What had seemed to be a long flat meadow was in reality, just beneath the surface, an emergency airport that was used in place of the moving chairs or the underground freight-railway when speed was imperative. Seldom used, but always in a state of preparedness, the port now buzzed with activity as the roof of simulated grass rolled back, disclosing a resplendent green space-ship waiting on the take-off ways.

So simple was the ship in construction that less than an hour of intensive instruction from Gion, on a model control board set up in the underground room, was sufficient to acquaint him perfectly with the management of the craft.

It almost frightened him to think that he and Myra were about to undertake a journey in a ship so swift that they would arrive on Jupiter, in an inestimably distant solar system, almost as soon as they would have in their Skypiercer, had they not been interrupted by Peachy.

At last, all was ready. Steve and Myra waved good-bye to the people they had come to know as friends in such a short time, and sealed themselves inside the ship.

Steve consulted the charts for a second, then sent the ship into a noiseless take-off that soon left the field far below, already being retransformed into a green meadow. He followed his instructions carefully and kept the ship at a moderate speed, to wait until the gravitational pull of the planet had been left behind before beginning the almost unbelievable acceleration of which the ship was capable.

Myra sat in thought for a moment, then: "Steve," she said, "I don't want to seem skeptical, but doesn't Gion's theory about the beginning of man on Earth sort of conflict with our time-honored theory of evolution? Apes and men from the same source, and all that?"
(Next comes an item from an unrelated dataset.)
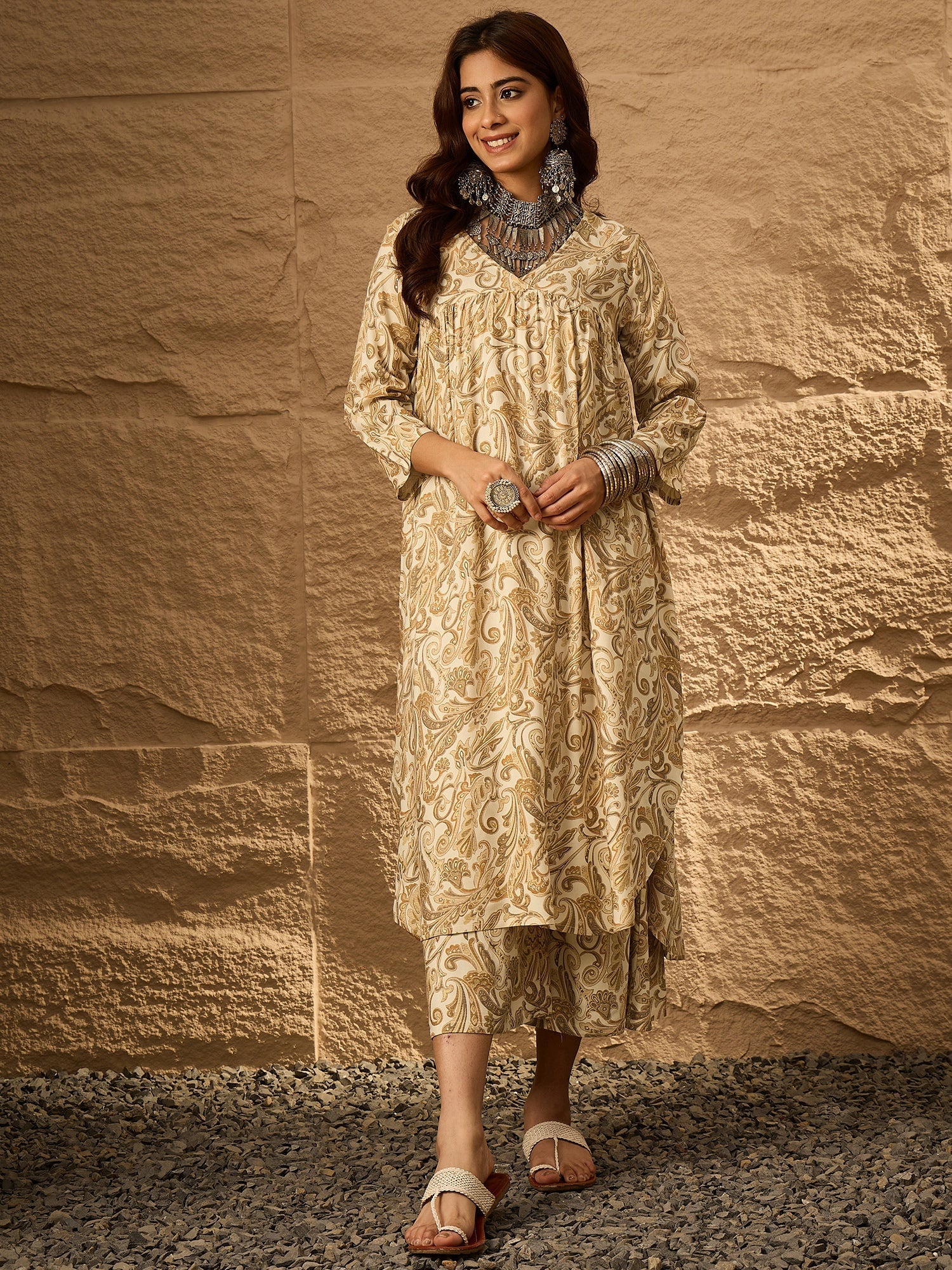 InWeave Off White Swirl V-Flared Kurta Set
"Not exactly," Steve said. "The evidence seems to point to the fact that those third-generation refugees landed on North America a few ages ago, and founded the Indian nations. It's the only tenable explanation of the origin of the American Indian that I've ever heard."

The planet was rapidly growing smaller behind them.
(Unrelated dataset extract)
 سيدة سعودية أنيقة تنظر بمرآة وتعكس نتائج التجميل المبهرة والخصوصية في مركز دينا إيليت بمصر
"If only they hadn't mutinied against discipline, it's probable that with their advanced knowledge, the Indians would have discovered Europe long before Columbus--or Lief Erickson--crossed the Atlantic. Their culture, if they had kept it, might have been a better incentive to European development than theirs was--"

"Brrr!" Myra shivered suddenly. "I get the creeps when I think of talking to a corpse."

Steve Horn chuckled. "Don't ever accuse me of being dead, again," he said mockingly. "At least, I can get up and walk around."